§ **The problem**:
Each line below must be reproduced exactly as it stands. Pictures stay out of the copy.
----- Supplied material -----
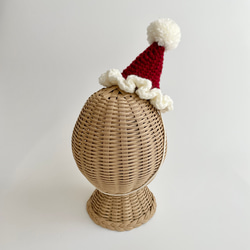 【4color】パーティハット　誕生日　バースデー　クリスマス　ハロウィンコスチューム　帽子　ハット　ベビー　キッズ 3枚目の画像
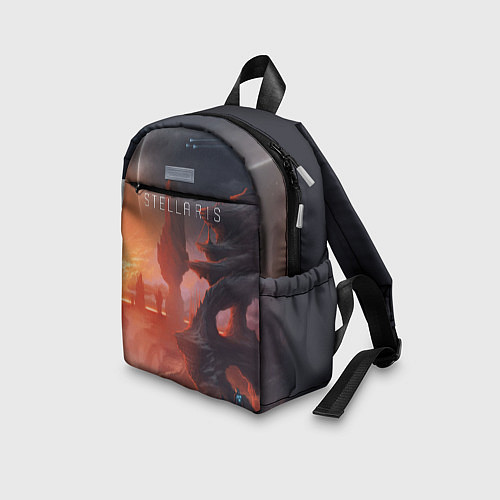 Детский рюкзак Stellaris / 3D-принт – фото 3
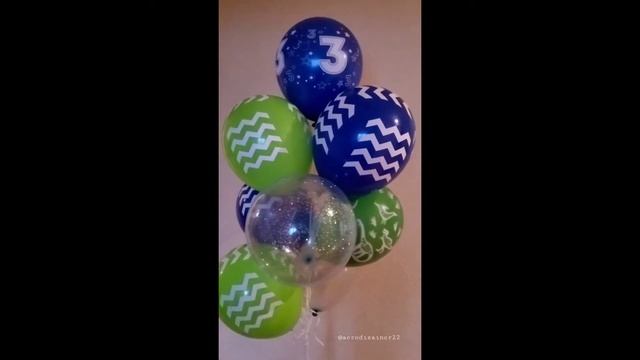 Воздушные шарики с конфетти и не только смотреть онлайн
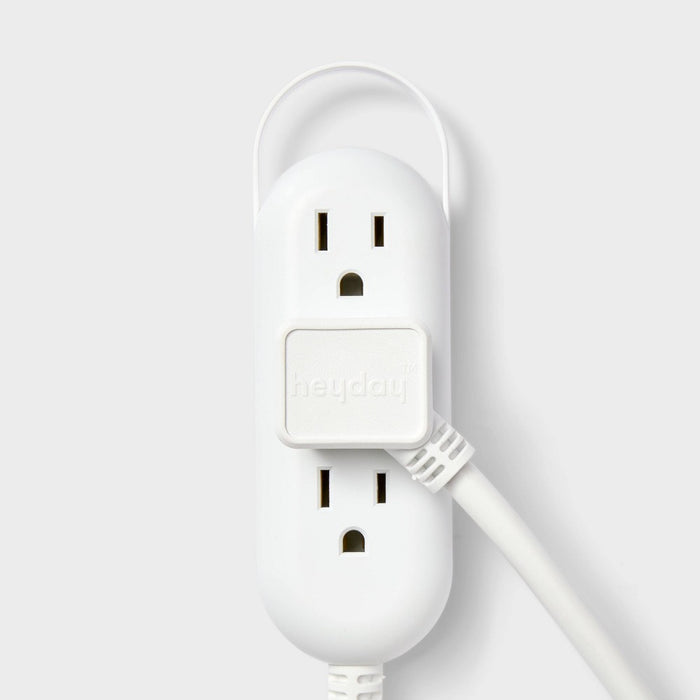 12' Indoor Cord White - Heyday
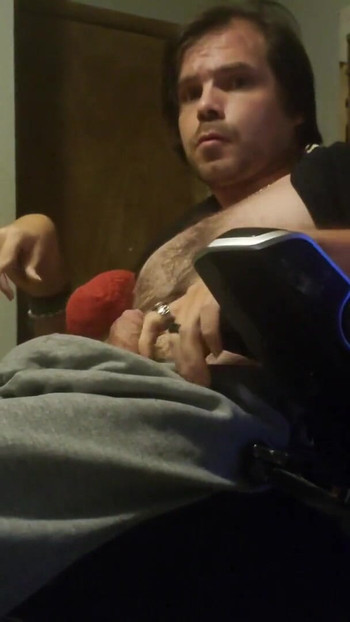 Must-share moment from "Kevy 69's sexy wheelchair man orgasm for you"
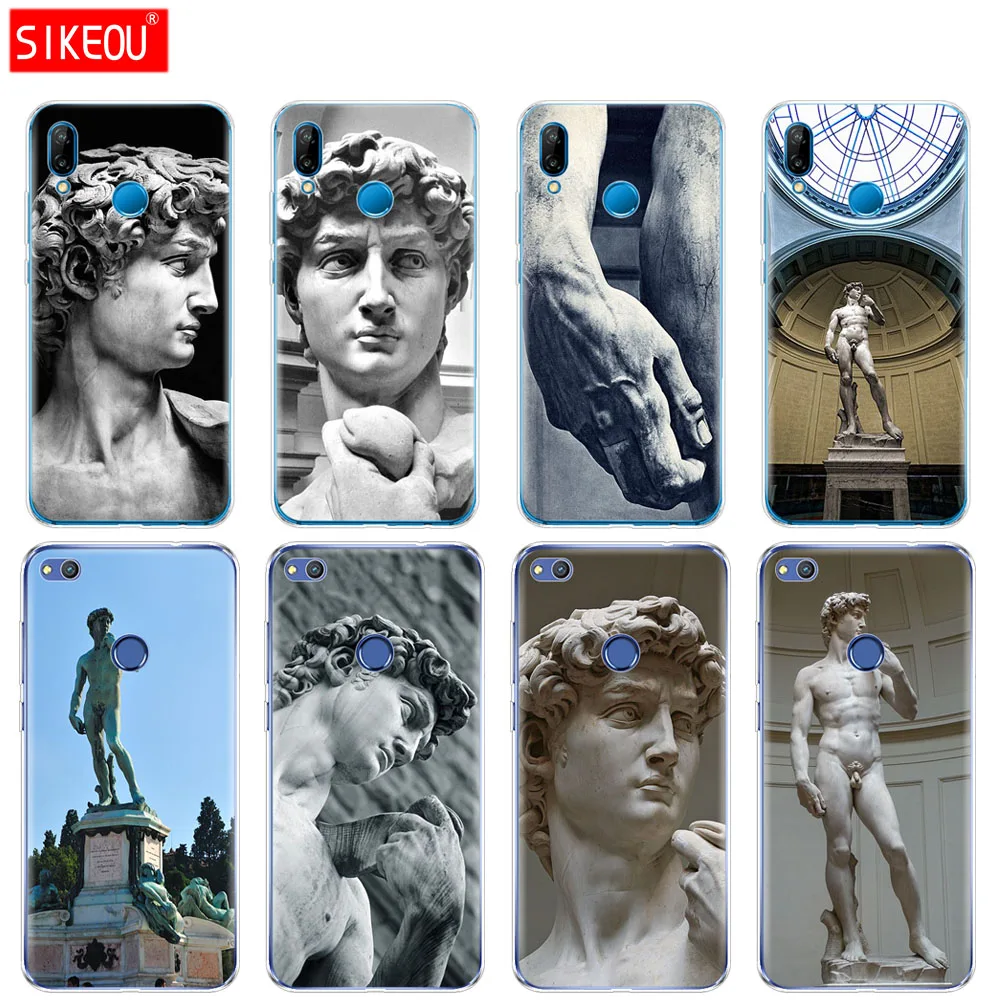 Silicone Cover Phone Case For Huawei P20 P7 P8 P9 P10 Lite Plus Pro 2017 p smart 2018 Statue Michelangelo david
Silicone Cover Phone Case For Huawei P20 P7 P8 P9 P10 Lite Plus Pro 2017 p smart 2018 Statue Michelangelo david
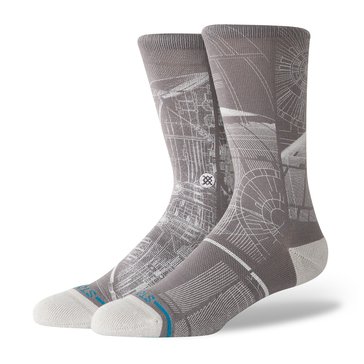 Stance Men's Death Star  Wars Crew Socks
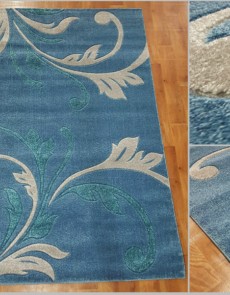 Синтетичний килим Melisa 371 blue - высокое качество по лучшей цене в Украине.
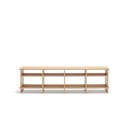 TV omarica v hrastovem dekorju v naravni barvi 180x50x40 cm Inari – Teulat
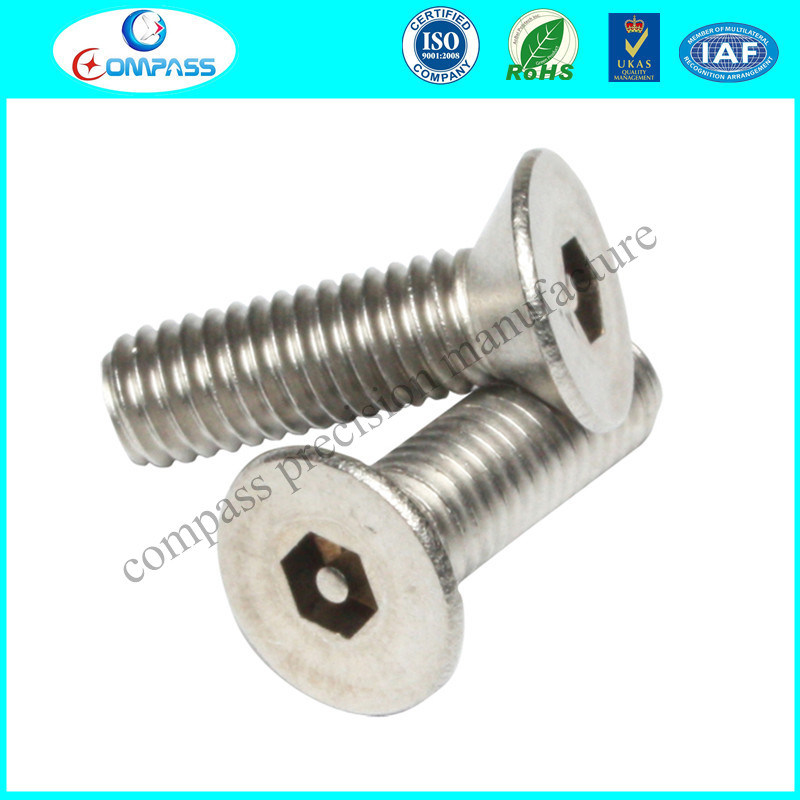 Non-Standard Tamper Proof Security Anti-Theft Screw and Wrench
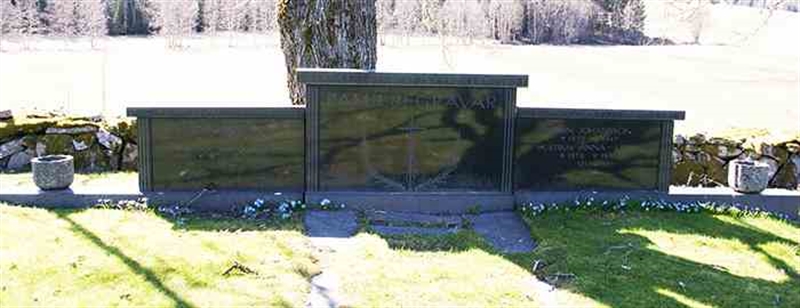 Grave number: 2 3    88H-J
-----
§ **Written solution**:
 【4color】パーティハット　誕生日　バースデー　クリスマス　ハロウィンコスチューム　帽子　ハット　ベビー　キッズ 3枚目の画像
 Детский рюкзак Stellaris / 3D-принт – фото 3
 Воздушные шарики с конфетти и не только смотреть онлайн
 12' Indoor Cord White - Heyday
 Must-share moment from "Kevy 69's sexy wheelchair man orgasm for you"
 Silicone Cover Phone Case For Huawei P20 P7 P8 P9 P10 Lite Plus Pro 2017 p smart 2018 Statue Michelangelo david
Silicone Cover Phone Case For Huawei P20 P7 P8 P9 P10 Lite Plus Pro 2017 p smart 2018 Statue Michelangelo david
 Stance Men's Death Star  Wars Crew Socks
 Синтетичний килим Melisa 371 blue - высокое качество по лучшей цене в Украине.
 TV omarica v hrastovem dekorju v naravni barvi 180x50x40 cm Inari – Teulat
 Non-Standard Tamper Proof Security Anti-Theft Screw and Wrench
 Grave number: 2 3    88H-J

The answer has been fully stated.